• **Task directions**:
Would you transcribe only the lines from the one holding "Blue V-neck maxi" through the end of the material, exactly, without any pictures?

• **Dataset extract**:
= = = = = = =
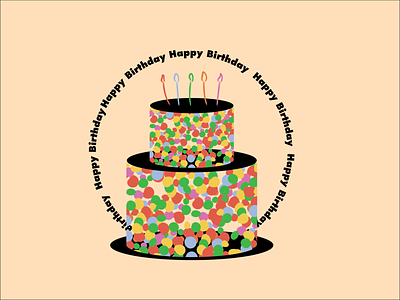 Happy Birthday! 2d birthday birthday cake birthday card cake design illustration illustrator vector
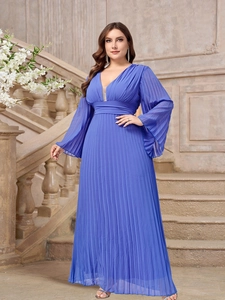 Blue V-neck maxi dress with long lantern sleeves and pleated skirt for elegant events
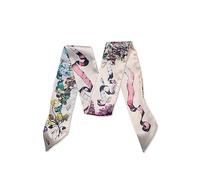 LumiSyne Sciarpa Di Seta Stretta Donna Ragazze Lungo Sottile Fazzoletto Da Collo Leopardo Stampa Animalier Motivo Fiore Colorato Sottile Foulard In Raso Copricapo Fascia Per Capelli Nastro Sciarpa
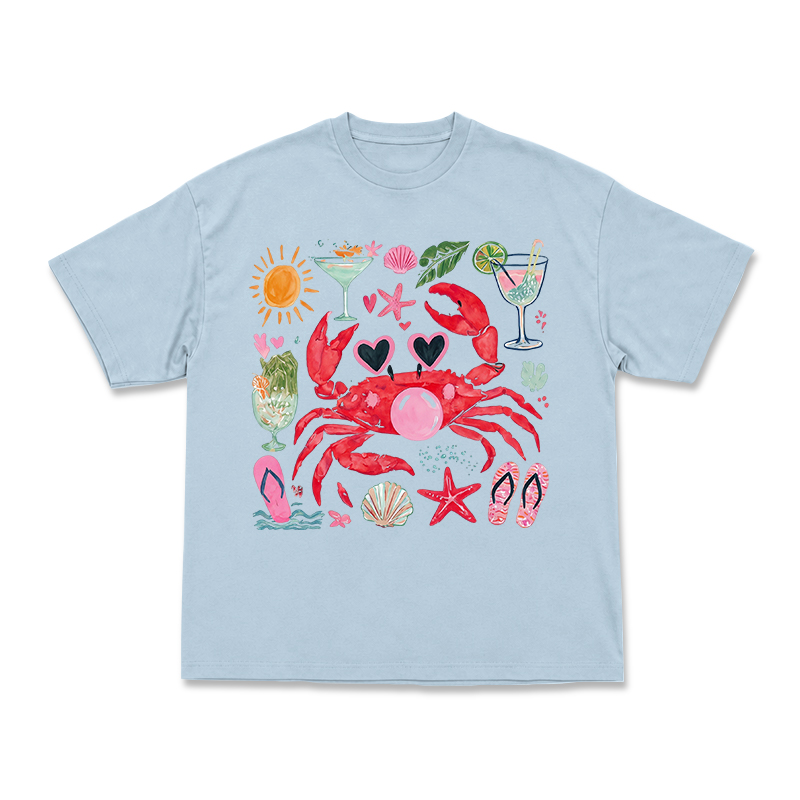 Coastal Crab Watercolor Graphic T-Shirt - Light Blue - US16-18(2XL) - image 10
= = = = = = =
• **Expected answer**:
 Blue V-neck maxi dress with long lantern sleeves and pleated skirt for elegant events
 LumiSyne Sciarpa Di Seta Stretta Donna Ragazze Lungo Sottile Fazzoletto Da Collo Leopardo Stampa Animalier Motivo Fiore Colorato Sottile Foulard In Raso Copricapo Fascia Per Capelli Nastro Sciarpa
 Coastal Crab Watercolor Graphic T-Shirt - Light Blue - US16-18(2XL) - image 10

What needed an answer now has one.